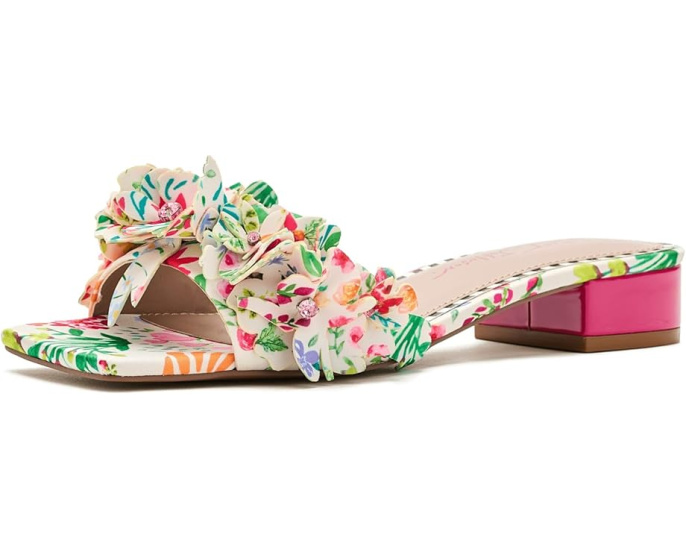 Босоножки на каблуке Glorria с квадратным мысом от Blue by Betsey Johnson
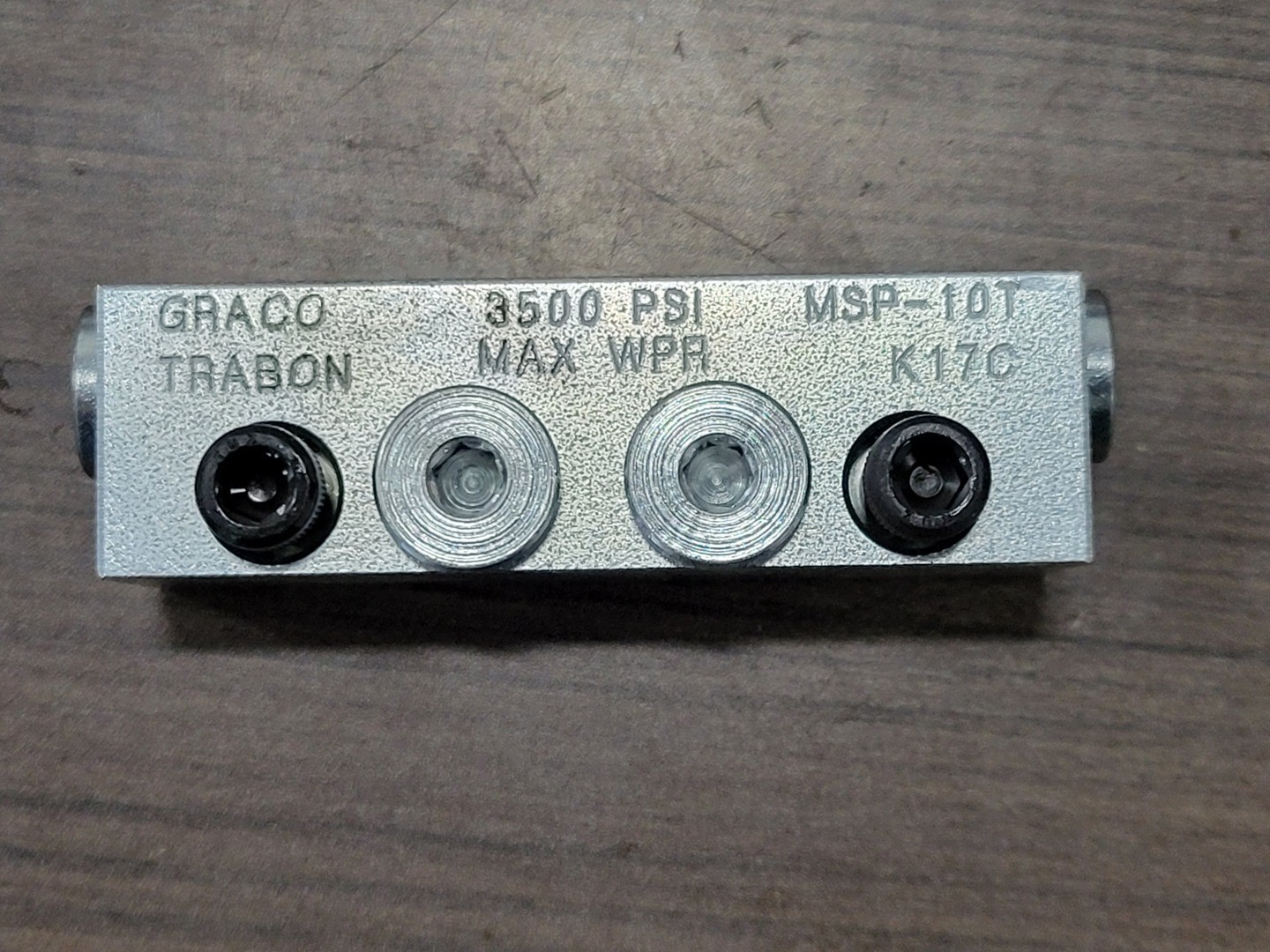 Graco Trabon MSP-10T Modular Divider Valve Block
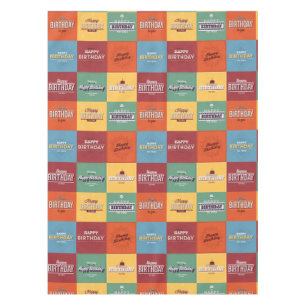 Mantel Feliz cumpleaños modelo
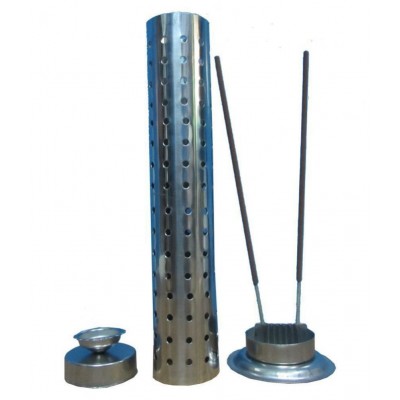 Agarbatti stand / holder with diya or dhoop stand by Avneesh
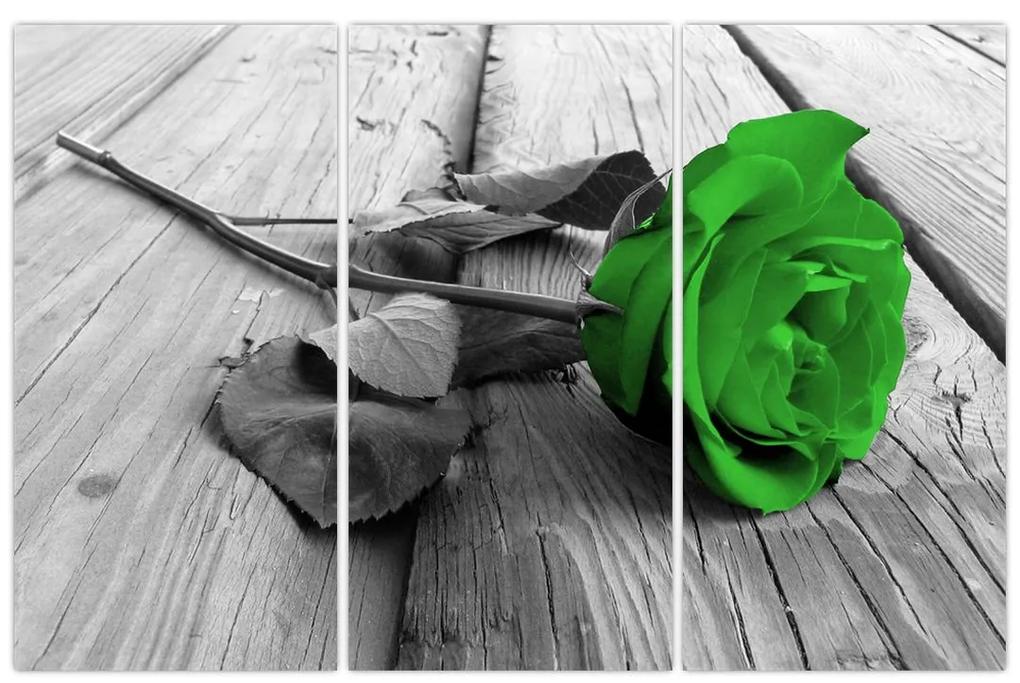 Abstraktný obraz ruže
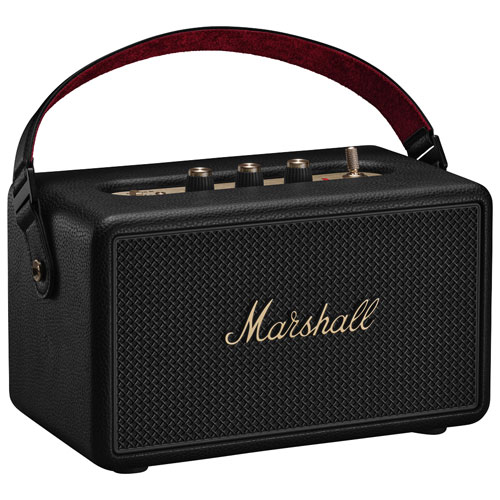 Haut-parleur sans fil Bluetooth étanche Kilburn III de Marshall - Noir et laiton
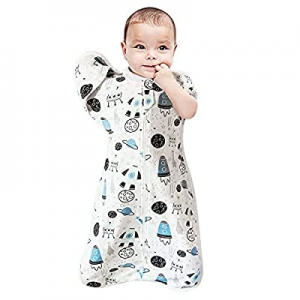 Baby Swaddle Soft Cotton now 55.0% off , Sleeping Bag for Baby with Arms Up Transition and Self-So..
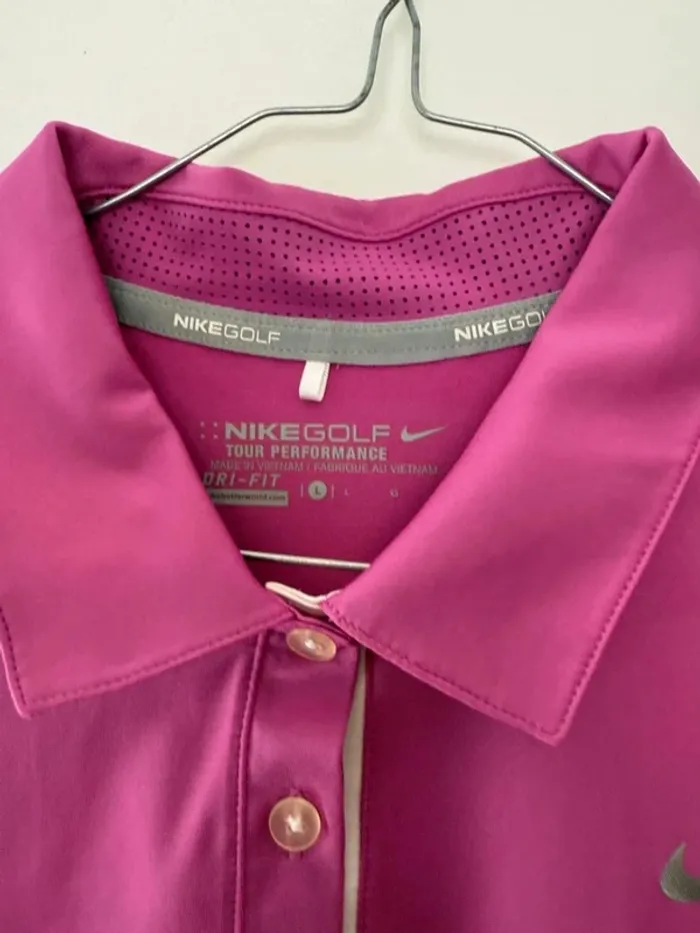 Polo Nike golf femme fushia taille L très bon état - photo numéro 3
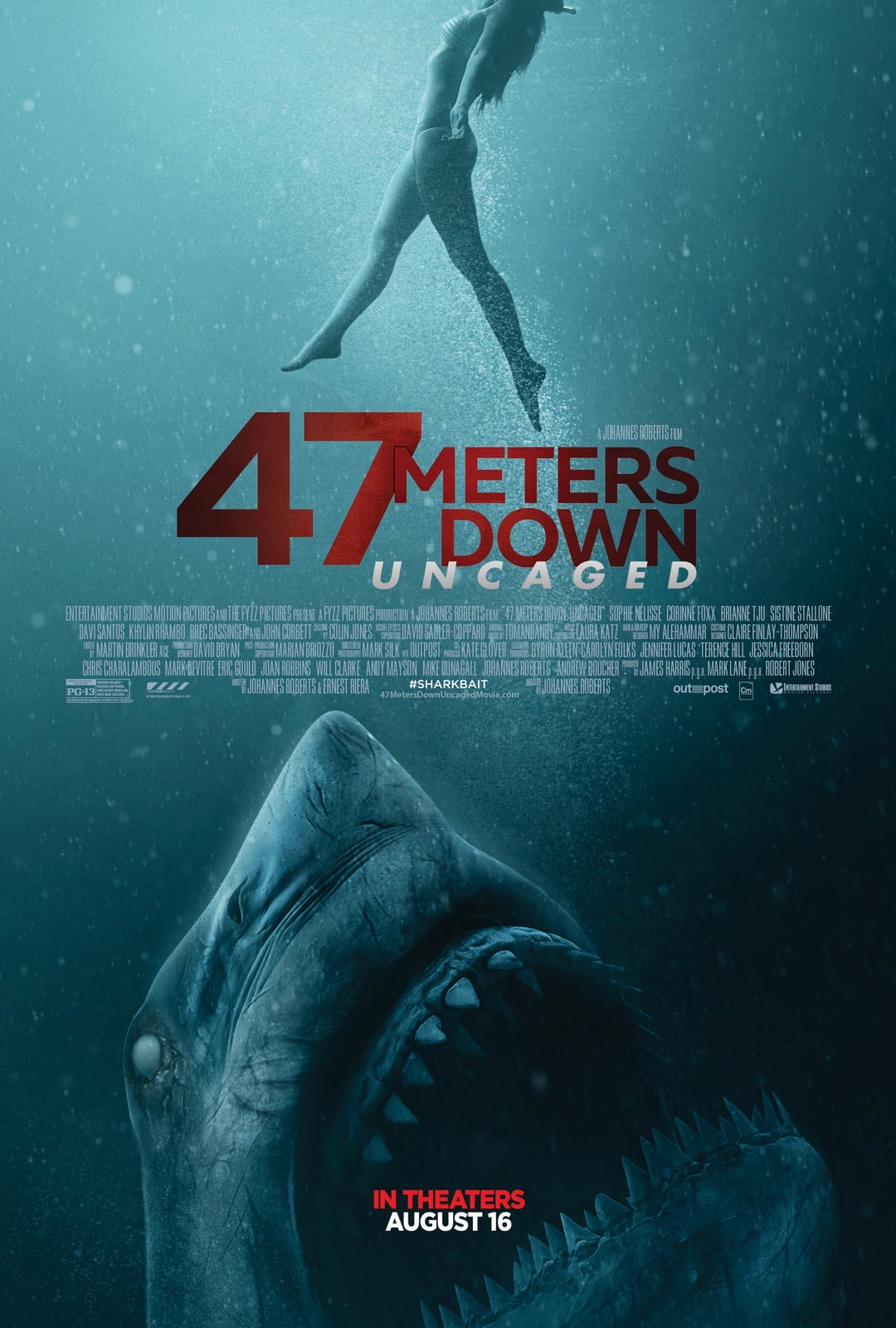 47 Meters Down: Uncaged - Cover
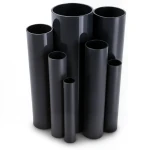مواسير UPVC ضغط 15 بار قطر خارجي 60.2 مم سمك 3.9 مم لون اسود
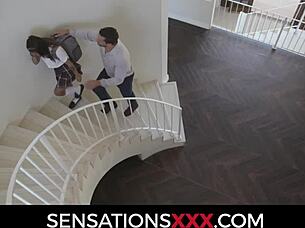 Asian teen Yumi Sin fucks professor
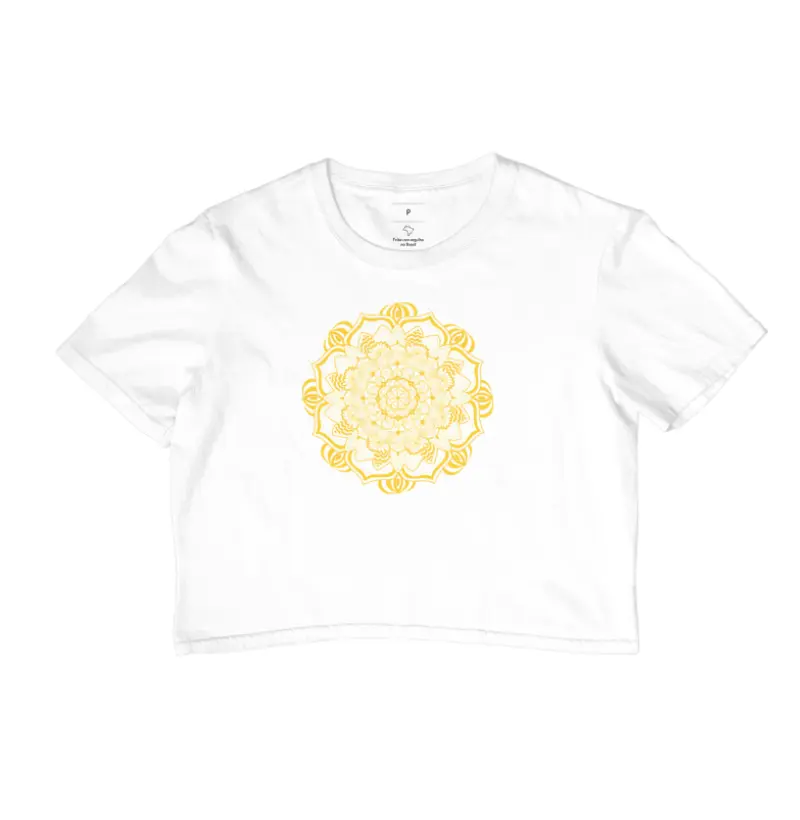 Mandala amarela Cropped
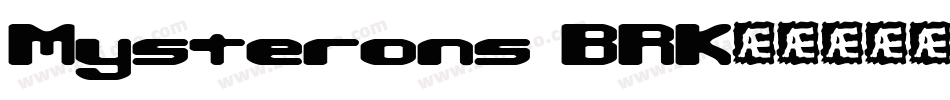 Mysterons BRK字体转换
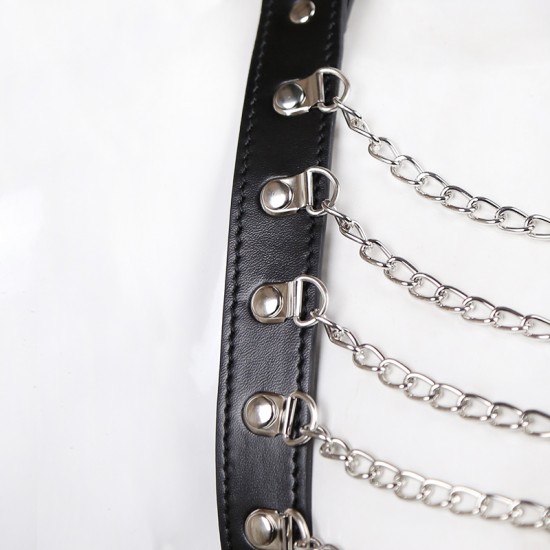 Faux Leather and Chain Female Fetishwear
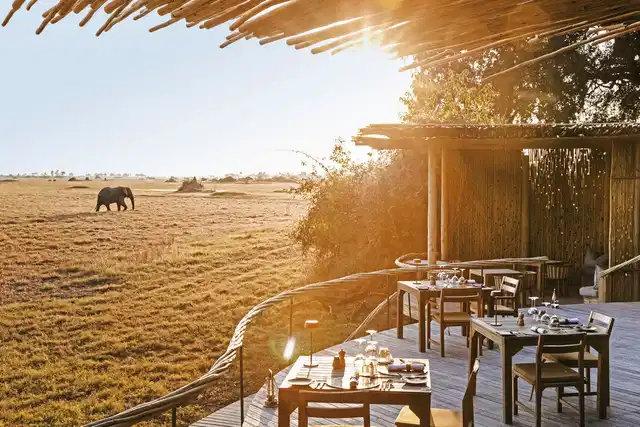 Wilderness Mombo Camp Terrasse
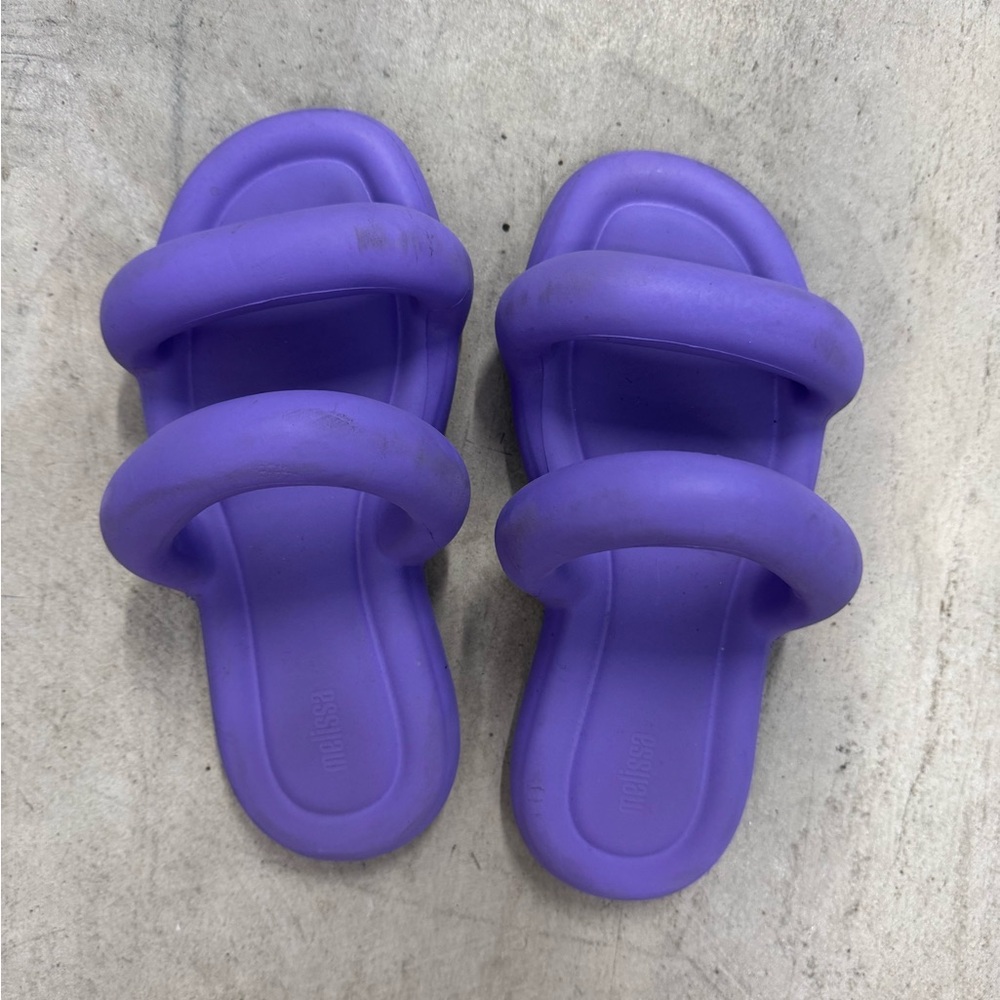 Melissa Purple Slide Sandals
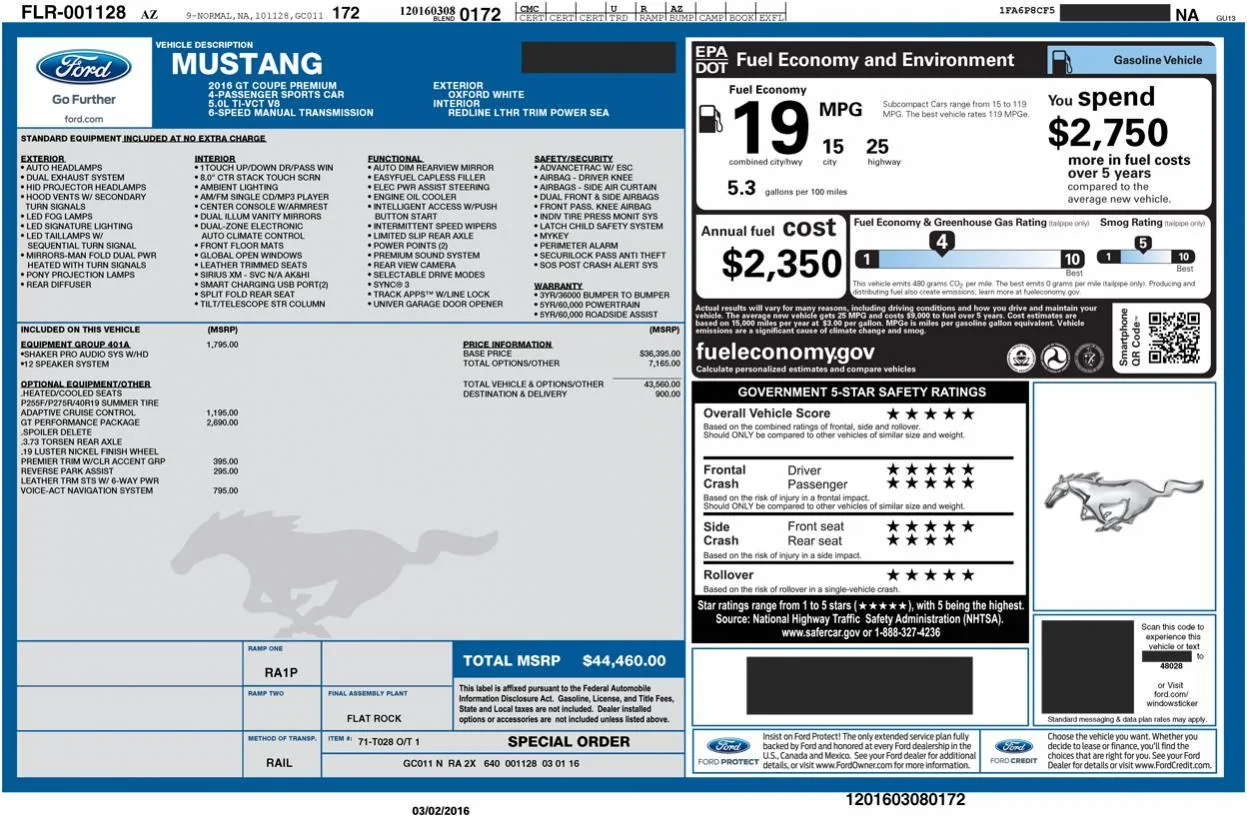 2016 Mustang Window sticker (with VIN obscured).webp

▸ **YOUR TASK**
Output only the lines above from the line that holds "Baby Swaddle Soft" through the line that holds "Mysterons BRK字体转换", both ends included, and exclude pictures.

▸ **RESPONSE TO THE EXERCISE**
 Baby Swaddle Soft Cotton now 55.0% off , Sleeping Bag for Baby with Arms Up Transition and Self-So..
 Polo Nike golf femme fushia taille L très bon état - photo numéro 3
 47 Meters Down: Uncaged - Cover
مواسير UPVC ضغط 15 بار قطر خارجي 60.2 مم سمك 3.9 مم لون اسود
 Asian teen Yumi Sin fucks professor
 Mandala amarela Cropped
 Mysterons BRK字体转换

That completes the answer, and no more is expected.